Welcome, guest | Sign In | My Account | Store | Cart

Downloading favicon of the website and save it to file, if website doesn't have favicon using default one.

Python, 43 lines
 1
 2
 3
 4
 5
 6
 7
 8
 9
10
11
12
13
14
15
16
17
18
19
20
21
22
23
24
25
26
27
28
29
30
31
32
33
34
35
36
37
38
39
40
41
42
43
import sys
import shutil
import urllib2
import lxml.html


HEADERS = {
    'User-Agent': 'urllib2 (Python %s)' % sys.version.split()[0],
    'Connection': 'close',
}


def get_favicon(url, path='favicon.ico', alt_icon_path='alticon.ico'):

    if not url.endswith('/'):
        url += '/'

    request = urllib2.Request(url + 'favicon.ico', headers=HEADERS)
    try:
        icon = urllib2.urlopen(request).read()
    except(urllib2.HTTPError, urllib2.URLError):
        reqest = urllib2.Request(url, headers=HEADERS)
        try:
            content = urllib2.urlopen(request).read(2048) # 2048 bytes should be enought for most of websites
        except(urllib2.HTTPError, urllib2.URLError):
            shutil.copyfile(alt_icon_path, path)
            return
        icon_path = lxml.html.fromstring(x).xpath(
            '//link[@rel="icon" or @rel="shortcut icon"]/@href'
        )
        if icon_path:
            request = urllib2.Request(url + icon_path[:1], headers=HEADERS)
            try:
                icon = urllib2.urlopen(request).read()
            except(urllib2.HTTPError, urllib2.URLError):
                shutil.copyfile(alt_icon_path, path)
                return
    
    open(path, 'wb').write(icon)


if __name__ == '__main__':
    get_favicon('http://code.activestate.com', 'favicon.ico')

1 comment

Jaime 7 years ago  # | flag

Favicon retrieval is a fun coding problem to solve, but with all the redirect following and page loads, it usually takes 3-4 seconds to retrieve a favicon. If you need icons faster, http://grabicon.com is a free service that lets you specify icon size, and generates unique defaults for sites that don't have an icon.

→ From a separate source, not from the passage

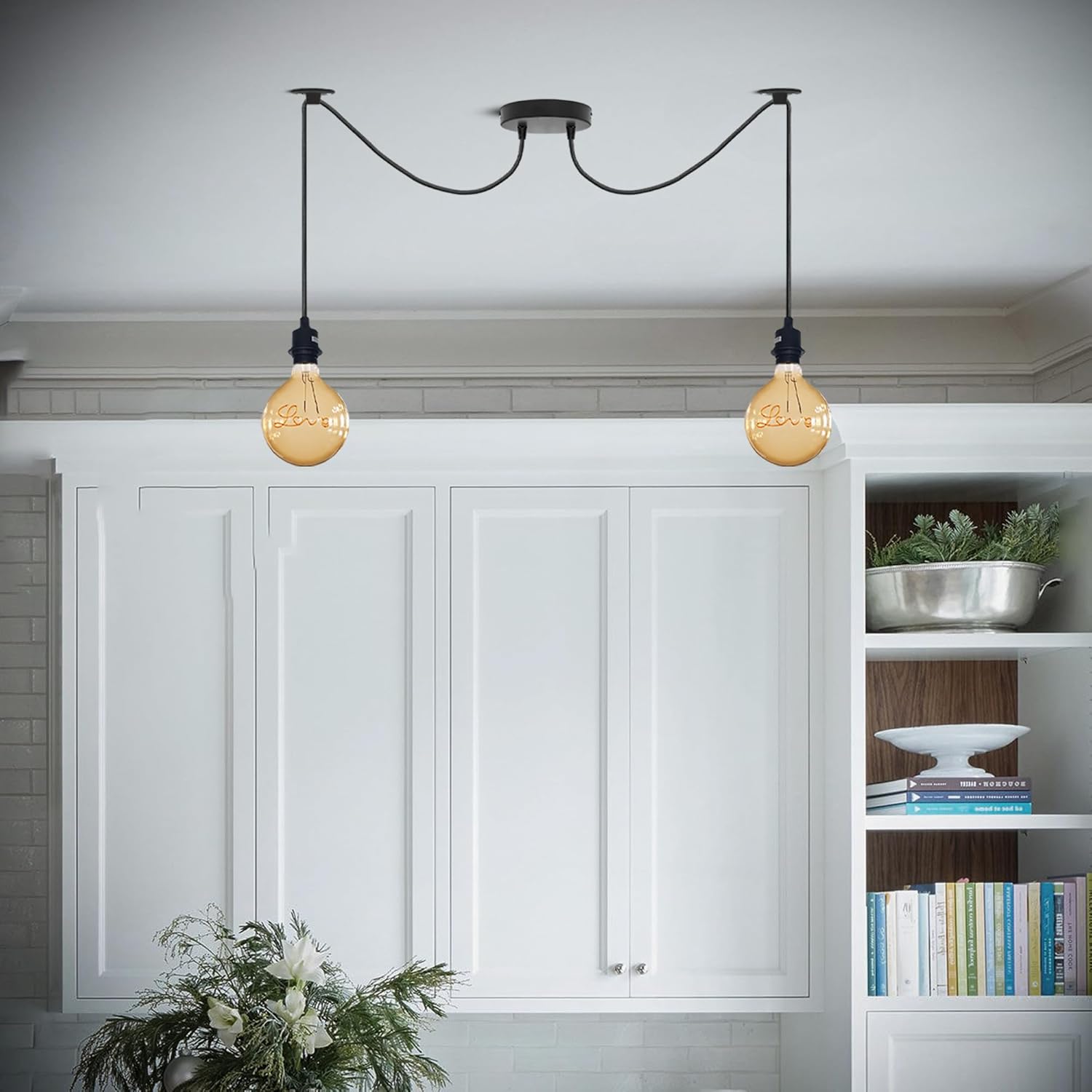 Modern Industrial Black 2-Light Spider Pendant Ceiling Lamp Adjustable Cables E27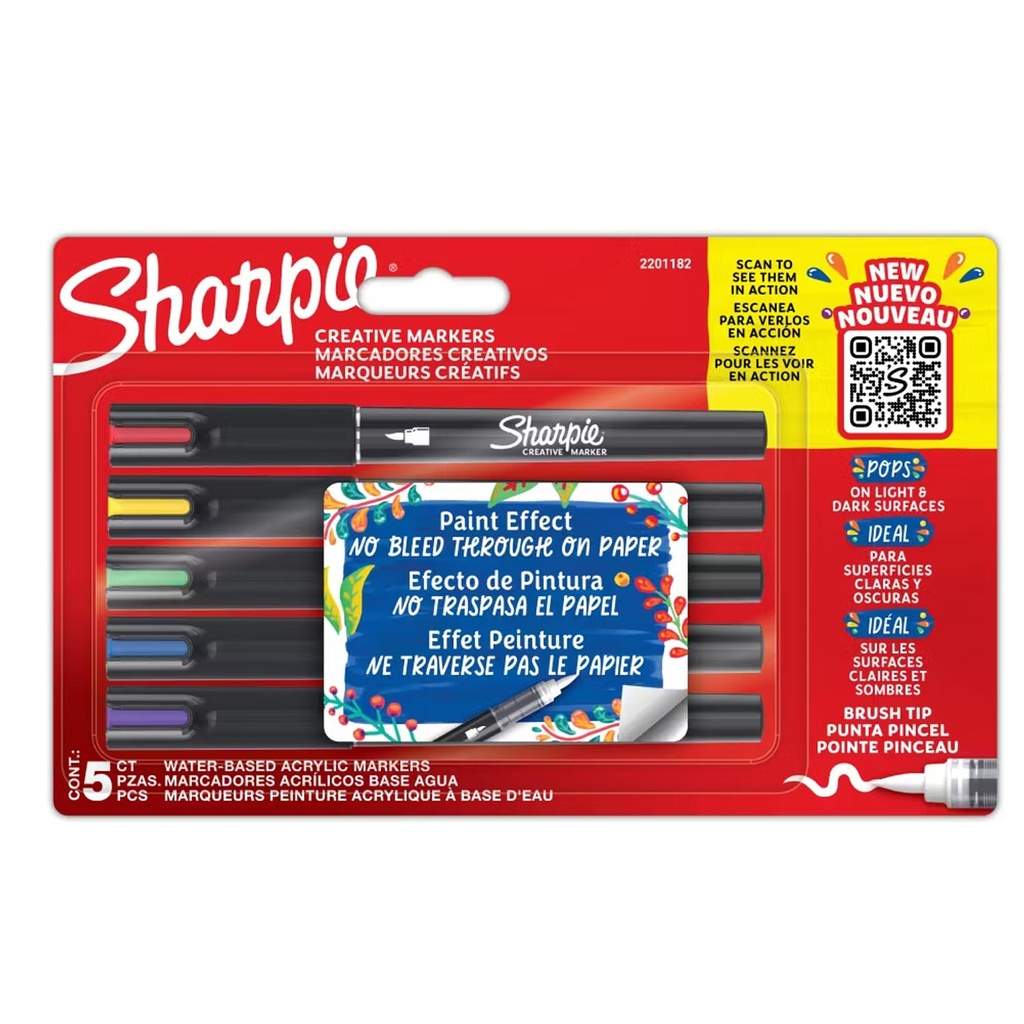 [2201182] Marcador Sharpie Acrílico Punta Pincel 5 colores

This provides a uniform user experience for web/mobile applications because icons are guaranteed to be the size you requested, and never missing.

It's this simple:

http://grabicon.com/icon?domain=wikipedia.org

Or specify size, if you don't want the default 32 pixel icon:

http://grabicon.com/icon?domain=wikipedia.org&size=16

There's also a jQuery snippet to automatically add icons to the external links on your web page.